#### Your goal:
Your copy of the listing should match it exactly, only without pictures.

#### Given information:
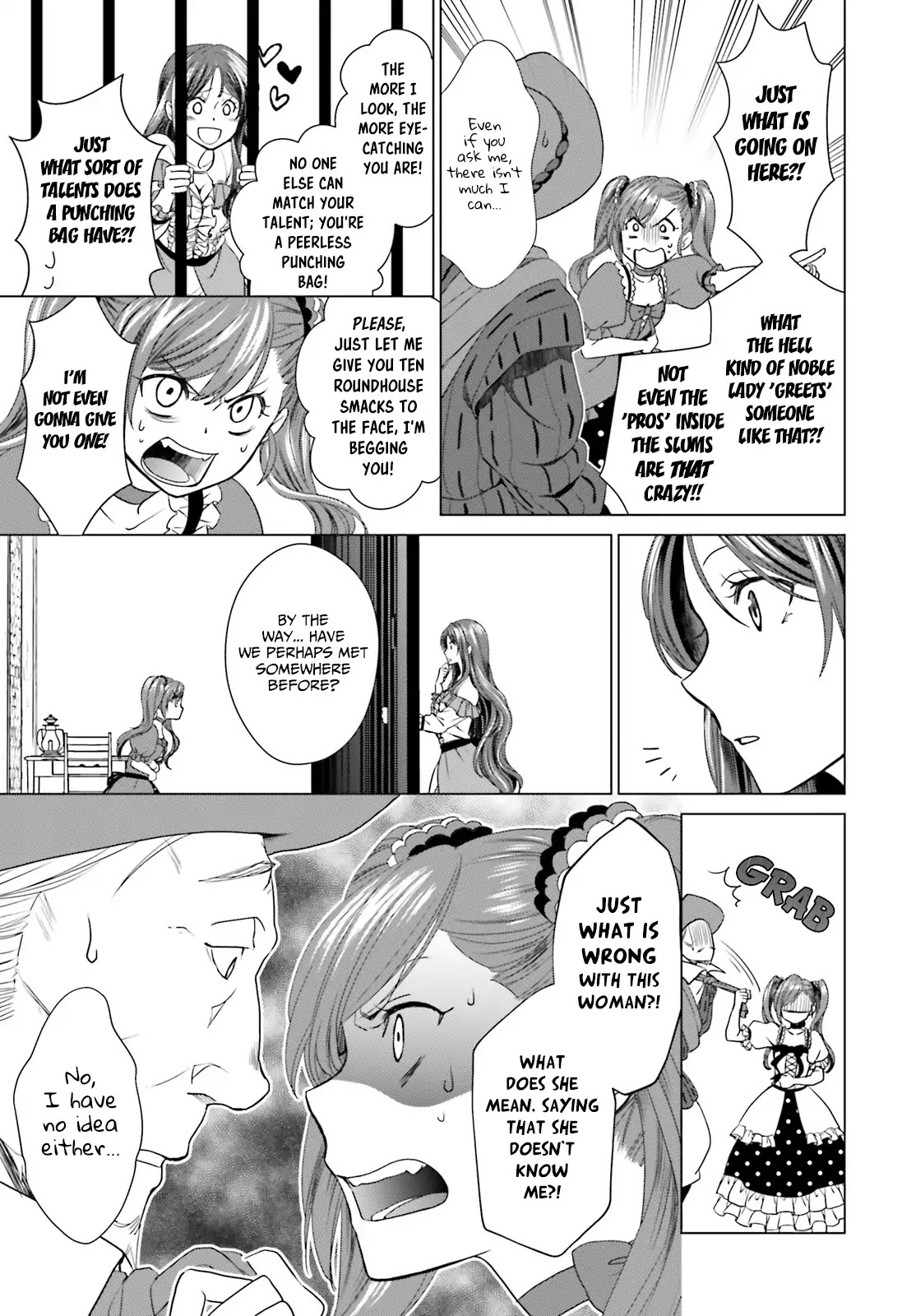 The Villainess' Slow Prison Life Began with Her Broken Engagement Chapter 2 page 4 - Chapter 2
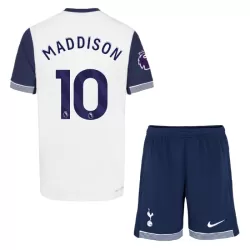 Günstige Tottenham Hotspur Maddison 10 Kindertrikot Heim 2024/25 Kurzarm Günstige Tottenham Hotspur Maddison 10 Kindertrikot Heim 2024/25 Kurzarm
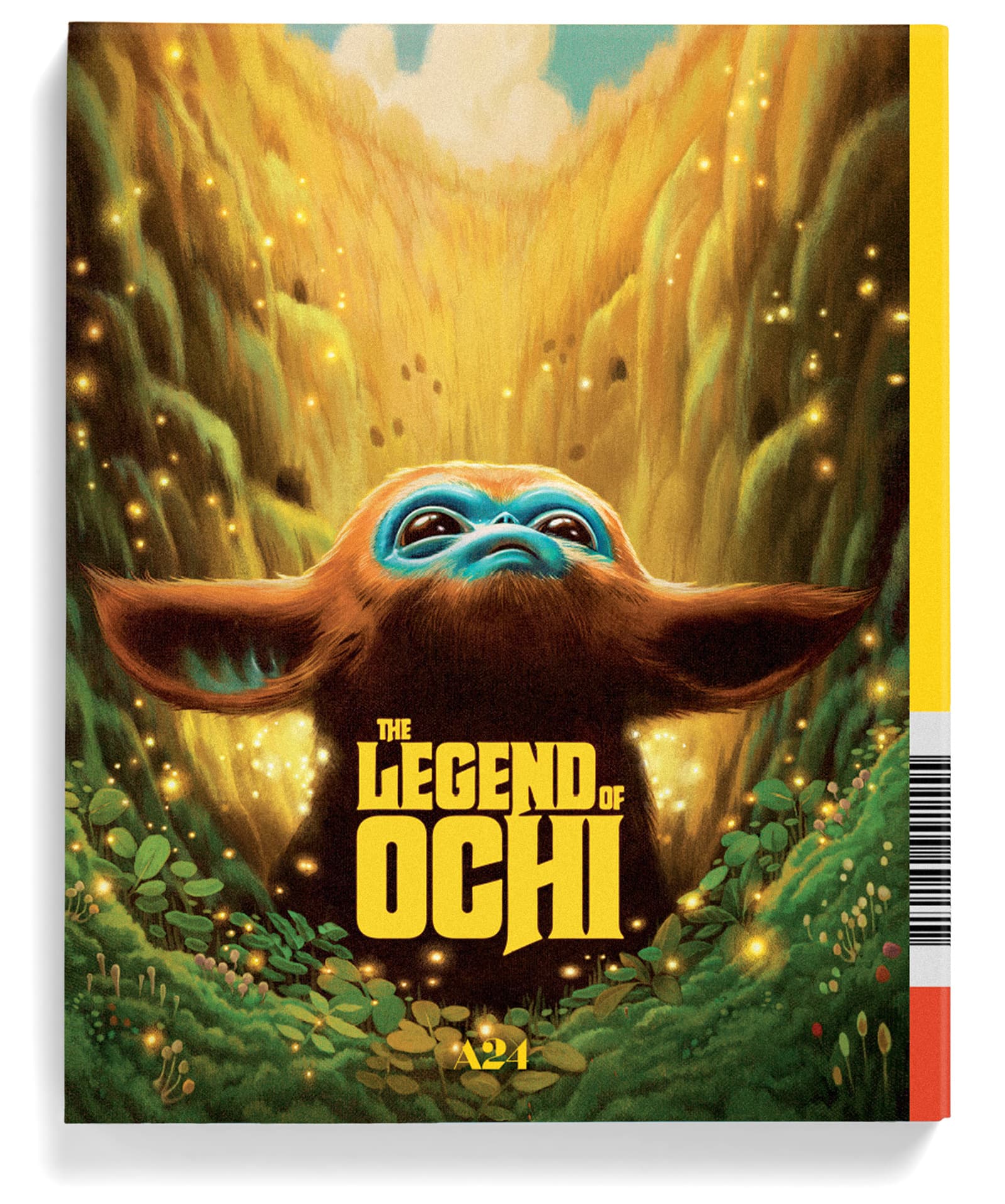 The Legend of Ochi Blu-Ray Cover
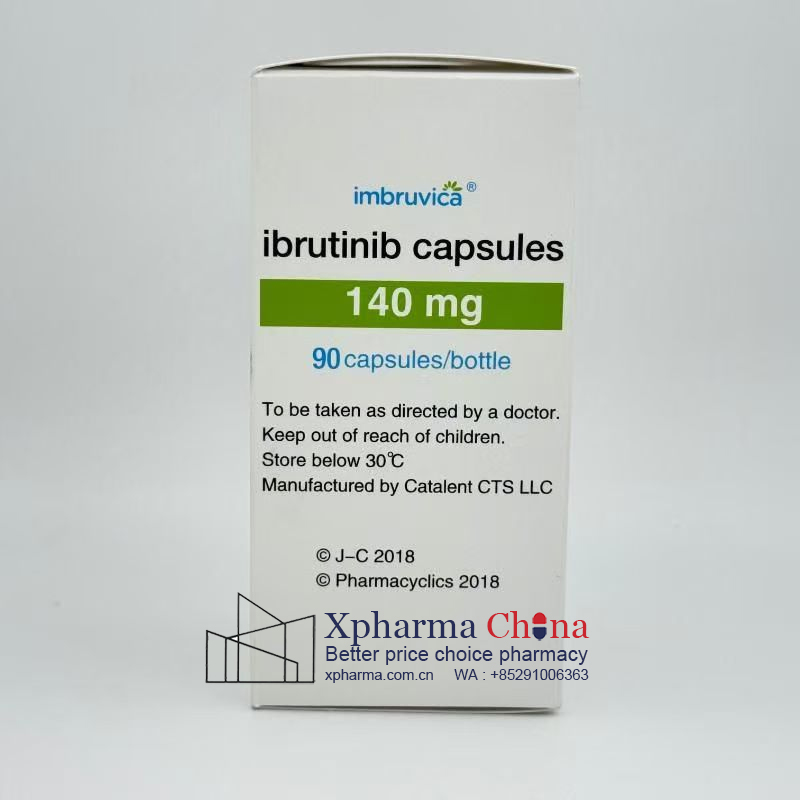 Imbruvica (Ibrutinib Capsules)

#### Answer section:
 The Villainess' Slow Prison Life Began with Her Broken Engagement Chapter 2 page 4 - Chapter 2
 Günstige Tottenham Hotspur Maddison 10 Kindertrikot Heim 2024/25 Kurzarm Günstige Tottenham Hotspur Maddison 10 Kindertrikot Heim 2024/25 Kurzarm
 The Legend of Ochi Blu-Ray Cover
 Imbruvica (Ibrutinib Capsules)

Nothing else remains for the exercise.